__PROBLEM STATEMENT__.
This exercise calls for the data below to be retyped exactly, minus any images.

__COLLECTED DATA__.
———

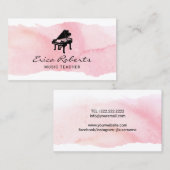 Musical Piano Logo Blush Pink Waterverf Music Visitekaartje (Voorkant / Achterkant)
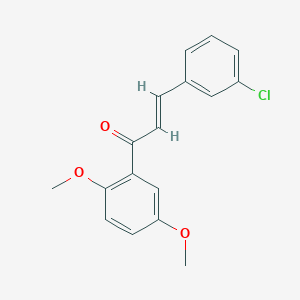 molecular formula C17H15ClO3 B3132999 (2E)-3-(3-Chlorophenyl)-1-(2,5-dimethoxyphenyl)prop-2-en-1-one CAS No. 38169-49-2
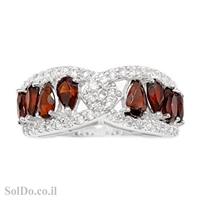 טבעת מכסף משובצת אבני גרנט ואבני זרקון RG6176 | תכשיטי כסף 925 | טבעות כסף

———

__YOUR RESPONSE__.
 Musical Piano Logo Blush Pink Waterverf Music Visitekaartje (Voorkant / Achterkant)
 molecular formula C17H15ClO3 B3132999 (2E)-3-(3-Chlorophenyl)-1-(2,5-dimethoxyphenyl)prop-2-en-1-one CAS No. 38169-49-2
 טבעת מכסף משובצת אבני גרנט ואבני זרקון RG6176 | תכשיטי כסף 925 | טבעות כסף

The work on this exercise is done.